_Exercise description:_ Wherever the string "Necklace" shows up in the records below, return that line.

(Data extracted from a collection)
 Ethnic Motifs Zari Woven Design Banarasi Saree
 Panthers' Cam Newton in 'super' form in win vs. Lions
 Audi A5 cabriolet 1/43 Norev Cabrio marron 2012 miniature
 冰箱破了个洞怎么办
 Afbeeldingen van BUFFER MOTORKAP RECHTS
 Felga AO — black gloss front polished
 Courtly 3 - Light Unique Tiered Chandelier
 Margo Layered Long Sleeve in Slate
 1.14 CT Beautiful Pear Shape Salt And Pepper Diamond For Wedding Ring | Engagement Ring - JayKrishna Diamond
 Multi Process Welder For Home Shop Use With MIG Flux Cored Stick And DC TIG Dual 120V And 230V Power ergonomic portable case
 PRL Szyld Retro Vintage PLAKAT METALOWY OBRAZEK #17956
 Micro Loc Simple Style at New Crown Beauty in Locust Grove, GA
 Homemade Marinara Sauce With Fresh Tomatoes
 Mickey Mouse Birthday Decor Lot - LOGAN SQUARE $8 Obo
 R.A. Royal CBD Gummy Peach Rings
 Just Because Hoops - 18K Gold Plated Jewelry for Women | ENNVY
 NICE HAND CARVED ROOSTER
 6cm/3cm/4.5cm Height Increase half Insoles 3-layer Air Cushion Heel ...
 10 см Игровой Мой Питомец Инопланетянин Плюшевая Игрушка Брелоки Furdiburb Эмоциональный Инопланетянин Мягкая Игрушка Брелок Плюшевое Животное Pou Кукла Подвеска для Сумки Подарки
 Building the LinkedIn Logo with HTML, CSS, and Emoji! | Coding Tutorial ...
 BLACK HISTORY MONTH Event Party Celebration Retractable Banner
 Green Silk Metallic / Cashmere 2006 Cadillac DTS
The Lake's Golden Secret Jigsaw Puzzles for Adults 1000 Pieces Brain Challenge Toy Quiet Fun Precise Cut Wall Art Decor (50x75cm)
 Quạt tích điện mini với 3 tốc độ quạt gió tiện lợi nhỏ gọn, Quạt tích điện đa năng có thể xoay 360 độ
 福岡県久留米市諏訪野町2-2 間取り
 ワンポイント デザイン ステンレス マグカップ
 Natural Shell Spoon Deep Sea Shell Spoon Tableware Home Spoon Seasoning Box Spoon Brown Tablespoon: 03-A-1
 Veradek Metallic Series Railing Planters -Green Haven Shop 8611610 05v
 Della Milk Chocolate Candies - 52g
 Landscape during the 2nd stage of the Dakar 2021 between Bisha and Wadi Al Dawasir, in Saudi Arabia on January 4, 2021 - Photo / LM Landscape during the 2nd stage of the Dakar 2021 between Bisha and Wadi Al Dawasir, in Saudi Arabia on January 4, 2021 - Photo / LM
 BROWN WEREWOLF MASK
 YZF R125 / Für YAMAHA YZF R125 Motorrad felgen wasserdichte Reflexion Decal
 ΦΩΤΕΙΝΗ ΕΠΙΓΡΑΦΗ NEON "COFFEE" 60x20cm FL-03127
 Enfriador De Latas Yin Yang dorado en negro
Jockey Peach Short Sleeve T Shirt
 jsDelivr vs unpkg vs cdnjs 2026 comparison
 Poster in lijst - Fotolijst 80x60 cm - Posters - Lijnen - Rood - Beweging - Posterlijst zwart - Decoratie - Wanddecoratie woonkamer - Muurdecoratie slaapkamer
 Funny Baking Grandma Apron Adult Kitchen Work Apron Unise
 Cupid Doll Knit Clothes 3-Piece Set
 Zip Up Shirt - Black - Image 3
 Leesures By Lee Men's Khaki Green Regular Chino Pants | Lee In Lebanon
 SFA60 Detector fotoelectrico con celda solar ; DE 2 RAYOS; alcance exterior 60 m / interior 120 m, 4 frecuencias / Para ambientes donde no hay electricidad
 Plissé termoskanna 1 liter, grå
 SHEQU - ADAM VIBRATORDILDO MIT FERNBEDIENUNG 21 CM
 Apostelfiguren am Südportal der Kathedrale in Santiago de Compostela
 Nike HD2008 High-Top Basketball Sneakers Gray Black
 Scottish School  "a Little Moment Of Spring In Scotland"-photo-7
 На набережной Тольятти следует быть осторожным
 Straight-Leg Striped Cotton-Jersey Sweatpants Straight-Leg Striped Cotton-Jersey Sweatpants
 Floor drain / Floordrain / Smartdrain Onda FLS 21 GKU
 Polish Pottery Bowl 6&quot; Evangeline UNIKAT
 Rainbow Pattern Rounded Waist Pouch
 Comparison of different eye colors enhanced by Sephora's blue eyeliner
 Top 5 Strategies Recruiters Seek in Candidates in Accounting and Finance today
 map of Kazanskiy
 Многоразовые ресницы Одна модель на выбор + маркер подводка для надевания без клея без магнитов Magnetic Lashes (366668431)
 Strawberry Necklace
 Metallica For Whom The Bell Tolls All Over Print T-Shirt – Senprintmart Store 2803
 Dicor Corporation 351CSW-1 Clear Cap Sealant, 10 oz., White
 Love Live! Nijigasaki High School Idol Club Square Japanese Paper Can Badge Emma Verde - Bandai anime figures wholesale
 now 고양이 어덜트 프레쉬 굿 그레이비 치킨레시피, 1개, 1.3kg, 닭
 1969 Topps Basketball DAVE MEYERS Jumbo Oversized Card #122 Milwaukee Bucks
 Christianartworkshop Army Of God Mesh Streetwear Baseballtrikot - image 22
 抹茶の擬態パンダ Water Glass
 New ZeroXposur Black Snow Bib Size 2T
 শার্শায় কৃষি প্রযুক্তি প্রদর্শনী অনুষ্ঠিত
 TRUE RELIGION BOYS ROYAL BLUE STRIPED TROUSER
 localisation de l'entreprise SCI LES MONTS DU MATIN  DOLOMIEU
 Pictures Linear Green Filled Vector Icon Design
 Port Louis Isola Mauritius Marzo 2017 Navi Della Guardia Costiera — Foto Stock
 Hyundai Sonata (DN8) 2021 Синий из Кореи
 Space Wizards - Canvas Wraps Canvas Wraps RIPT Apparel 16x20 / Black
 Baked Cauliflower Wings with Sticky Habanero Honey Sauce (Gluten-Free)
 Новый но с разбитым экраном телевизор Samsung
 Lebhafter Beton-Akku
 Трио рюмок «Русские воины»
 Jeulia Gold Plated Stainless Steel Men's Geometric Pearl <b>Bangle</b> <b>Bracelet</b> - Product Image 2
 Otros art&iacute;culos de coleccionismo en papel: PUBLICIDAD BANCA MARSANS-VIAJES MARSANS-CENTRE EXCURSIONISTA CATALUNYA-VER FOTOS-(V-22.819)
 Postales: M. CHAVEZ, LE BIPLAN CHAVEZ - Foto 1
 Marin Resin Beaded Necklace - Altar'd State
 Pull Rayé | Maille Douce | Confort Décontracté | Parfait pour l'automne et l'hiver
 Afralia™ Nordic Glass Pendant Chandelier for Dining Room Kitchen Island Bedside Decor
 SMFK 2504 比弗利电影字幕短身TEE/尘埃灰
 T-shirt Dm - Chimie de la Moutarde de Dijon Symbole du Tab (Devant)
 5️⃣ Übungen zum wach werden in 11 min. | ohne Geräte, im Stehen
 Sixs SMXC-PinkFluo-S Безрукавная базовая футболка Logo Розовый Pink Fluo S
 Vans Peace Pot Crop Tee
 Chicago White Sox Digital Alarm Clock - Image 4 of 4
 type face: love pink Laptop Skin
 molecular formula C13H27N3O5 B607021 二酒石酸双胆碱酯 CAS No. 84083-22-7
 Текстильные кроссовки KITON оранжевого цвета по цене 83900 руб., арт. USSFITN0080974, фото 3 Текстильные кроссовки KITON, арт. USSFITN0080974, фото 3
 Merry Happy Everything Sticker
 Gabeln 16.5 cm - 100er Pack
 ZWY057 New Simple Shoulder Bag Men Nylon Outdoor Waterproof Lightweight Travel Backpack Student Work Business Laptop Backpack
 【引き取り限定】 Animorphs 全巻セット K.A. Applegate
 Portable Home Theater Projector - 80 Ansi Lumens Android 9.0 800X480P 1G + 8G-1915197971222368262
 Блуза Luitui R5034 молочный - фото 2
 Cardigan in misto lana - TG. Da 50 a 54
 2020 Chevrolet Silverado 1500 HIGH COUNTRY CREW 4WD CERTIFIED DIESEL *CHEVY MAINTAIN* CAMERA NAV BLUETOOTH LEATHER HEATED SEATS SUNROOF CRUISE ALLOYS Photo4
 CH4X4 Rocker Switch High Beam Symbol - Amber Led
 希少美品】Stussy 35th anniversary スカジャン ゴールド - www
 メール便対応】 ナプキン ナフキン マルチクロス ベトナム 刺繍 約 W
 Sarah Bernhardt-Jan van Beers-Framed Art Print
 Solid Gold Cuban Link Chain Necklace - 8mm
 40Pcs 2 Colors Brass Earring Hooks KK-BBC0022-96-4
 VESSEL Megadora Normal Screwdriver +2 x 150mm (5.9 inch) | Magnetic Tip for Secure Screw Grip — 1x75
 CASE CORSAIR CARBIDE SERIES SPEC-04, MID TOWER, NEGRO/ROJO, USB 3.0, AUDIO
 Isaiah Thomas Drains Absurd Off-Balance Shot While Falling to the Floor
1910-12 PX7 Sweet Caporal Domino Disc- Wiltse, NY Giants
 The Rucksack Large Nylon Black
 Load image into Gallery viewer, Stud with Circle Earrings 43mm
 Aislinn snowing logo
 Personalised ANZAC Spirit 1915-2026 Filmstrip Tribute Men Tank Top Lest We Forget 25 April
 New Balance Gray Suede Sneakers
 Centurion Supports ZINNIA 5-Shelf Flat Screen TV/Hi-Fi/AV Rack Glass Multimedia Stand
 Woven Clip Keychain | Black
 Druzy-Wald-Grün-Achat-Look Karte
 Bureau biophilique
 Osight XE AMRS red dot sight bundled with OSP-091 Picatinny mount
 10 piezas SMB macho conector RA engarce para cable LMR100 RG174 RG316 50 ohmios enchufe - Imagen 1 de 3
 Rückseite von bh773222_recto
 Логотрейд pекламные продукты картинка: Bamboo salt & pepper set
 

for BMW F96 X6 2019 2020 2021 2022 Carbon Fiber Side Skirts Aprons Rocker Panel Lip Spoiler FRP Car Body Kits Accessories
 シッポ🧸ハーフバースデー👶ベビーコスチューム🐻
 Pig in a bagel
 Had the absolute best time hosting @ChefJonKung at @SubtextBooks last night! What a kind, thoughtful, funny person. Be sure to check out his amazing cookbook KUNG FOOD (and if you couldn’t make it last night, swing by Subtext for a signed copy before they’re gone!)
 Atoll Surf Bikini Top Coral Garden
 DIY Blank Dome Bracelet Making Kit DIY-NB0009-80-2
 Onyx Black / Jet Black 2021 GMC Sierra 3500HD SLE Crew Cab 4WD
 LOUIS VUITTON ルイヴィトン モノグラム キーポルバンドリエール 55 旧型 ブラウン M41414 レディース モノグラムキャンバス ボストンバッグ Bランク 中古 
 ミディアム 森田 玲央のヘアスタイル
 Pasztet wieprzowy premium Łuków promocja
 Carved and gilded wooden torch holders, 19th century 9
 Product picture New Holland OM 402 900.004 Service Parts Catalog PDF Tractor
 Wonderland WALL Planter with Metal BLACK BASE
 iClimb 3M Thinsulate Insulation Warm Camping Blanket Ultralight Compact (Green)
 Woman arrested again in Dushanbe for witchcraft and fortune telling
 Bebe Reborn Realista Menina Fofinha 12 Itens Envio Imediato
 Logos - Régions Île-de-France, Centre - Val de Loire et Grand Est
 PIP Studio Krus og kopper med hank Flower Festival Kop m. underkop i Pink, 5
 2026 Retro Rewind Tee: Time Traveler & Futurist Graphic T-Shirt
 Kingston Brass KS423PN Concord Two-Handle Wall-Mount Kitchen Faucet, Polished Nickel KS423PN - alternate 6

_Exercise result:_
 Strawberry Necklace
 Marin Resin Beaded Necklace - Altar'd State
 Solid Gold Cuban Link Chain Necklace - 8mm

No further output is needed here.